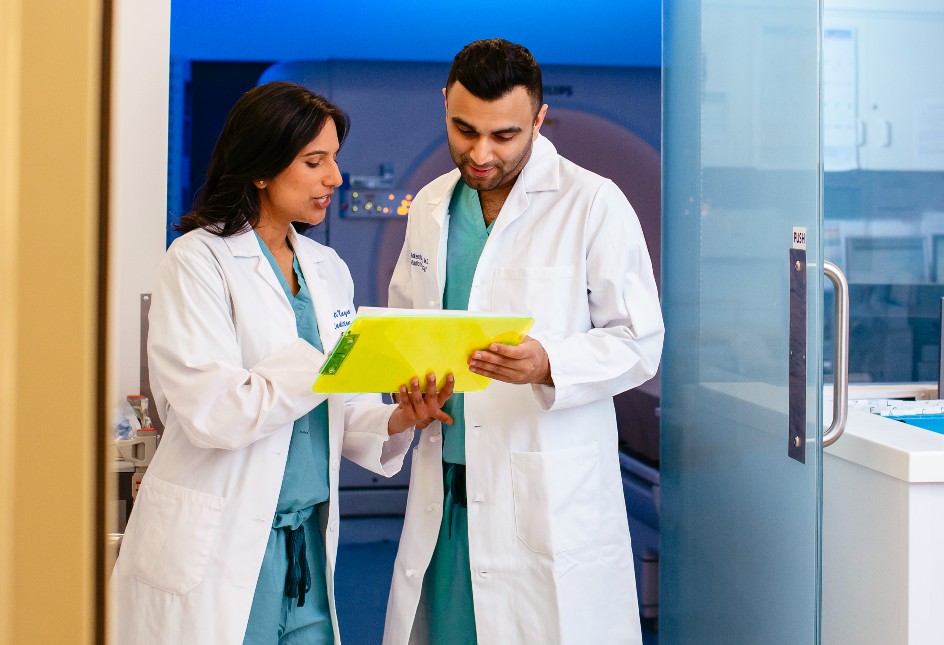 Two doctors reviewing documents on a yellow clipboard in front of a diagnostic imaging machine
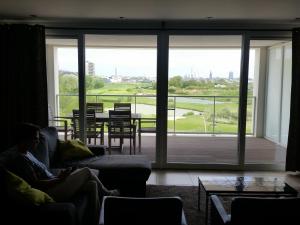 een persoon op een bank in een woonkamer met uitzicht op een tafel bij Infinity I, 0405 in Oostende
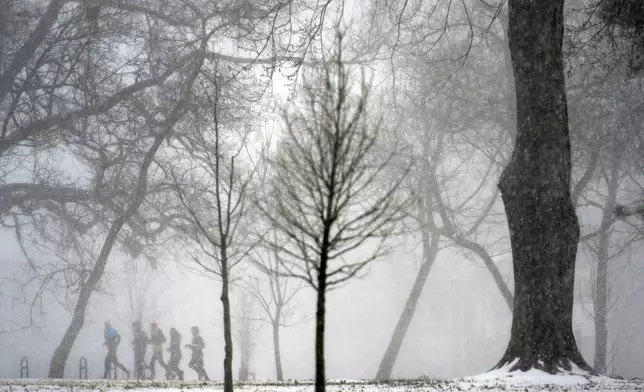 A group of people jog in the distance as heavy snow falls Sunday, Jan. 5, 2025, in St. Louis. (AP Photo/Jeff Roberson)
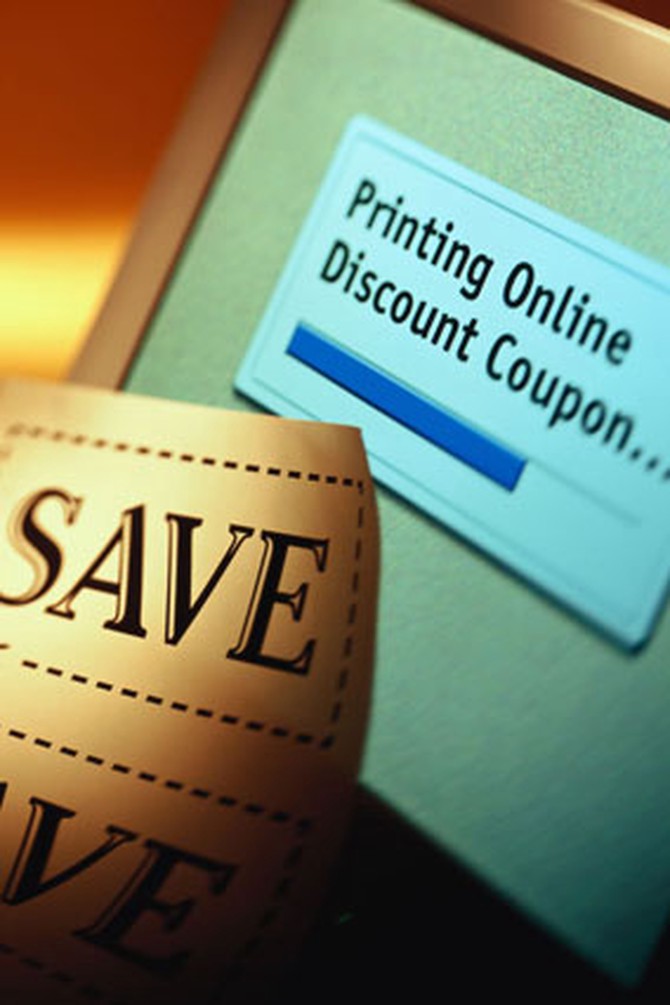 Online coupon being printed on computer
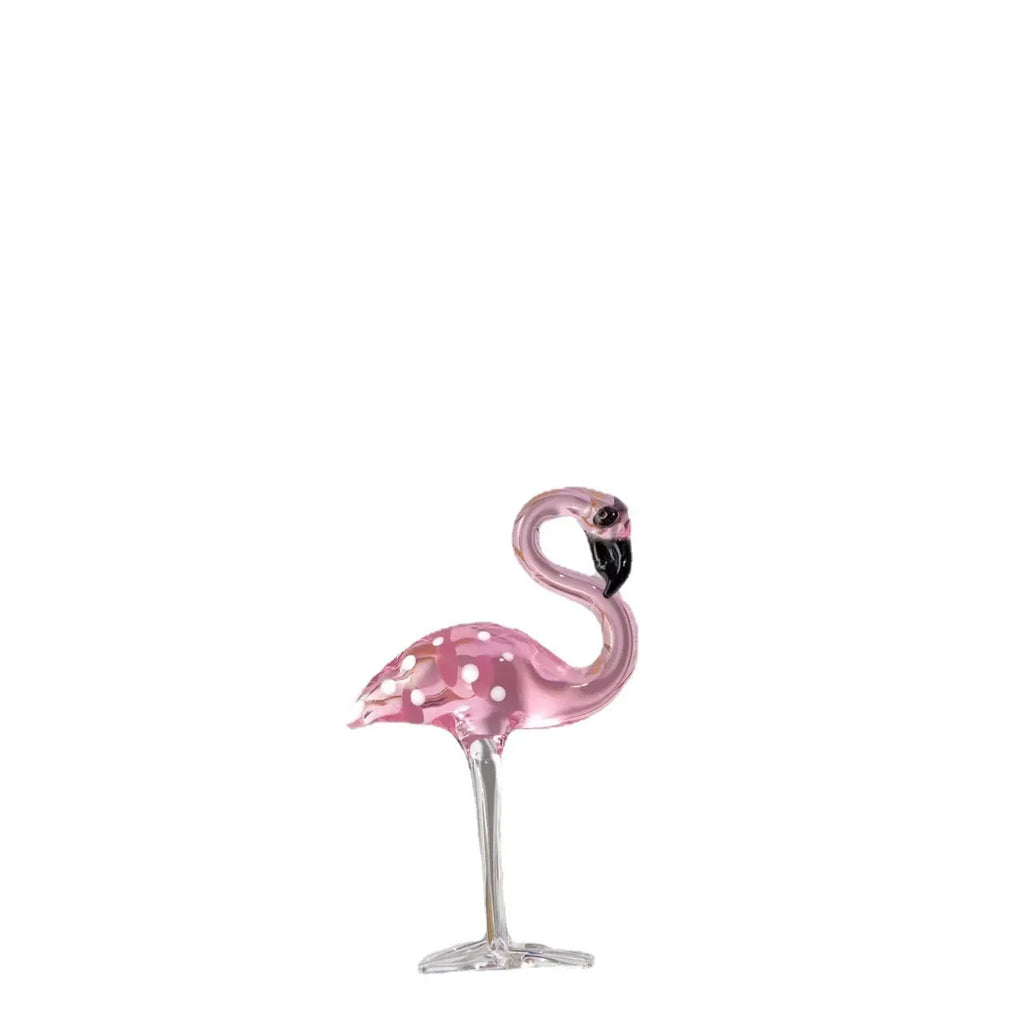 Pink crystal flamingo decorative ornament on table with modern minimalist style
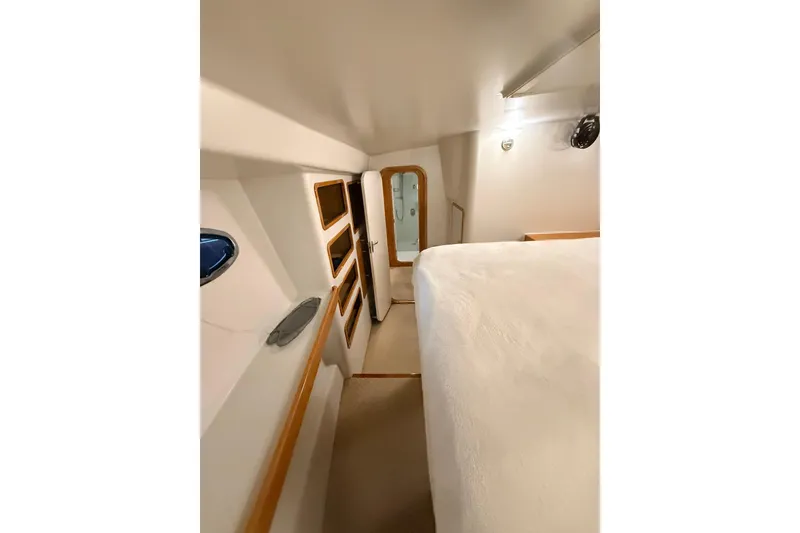 Slide: The Image of Interior of 2002 Norris Custom Motor Catamaran 41.4, featuring cozy cabin and wooden accents. - 99
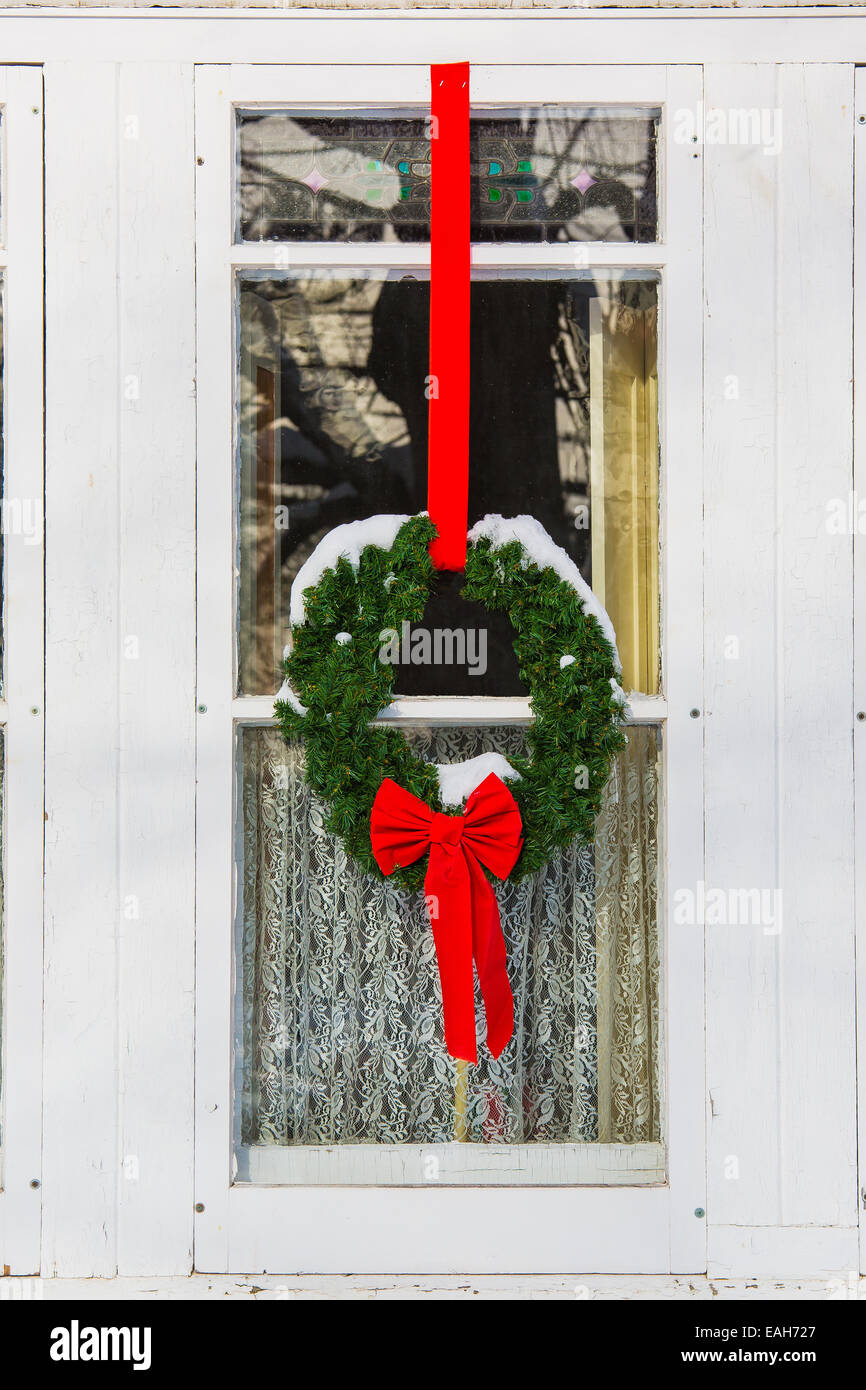Christmas wreath and garland decorating an older style home Stock Photo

• _EXERCISE AIM_: Copy nothing but the lines above that run from the one with "een persoon op" to the one with "Online coupon being printed on computer", ends included; pictures stay out.

• _EXPECTED OUTPUT_:
 een persoon op een bank in een woonkamer met uitzicht op een tafel bij Infinity I, 0405 in Oostende
 A group of people jog in the distance as heavy snow falls Sunday, Jan. 5, 2025, in St. Louis. (AP Photo/Jeff Roberson)
 Online coupon being printed on computer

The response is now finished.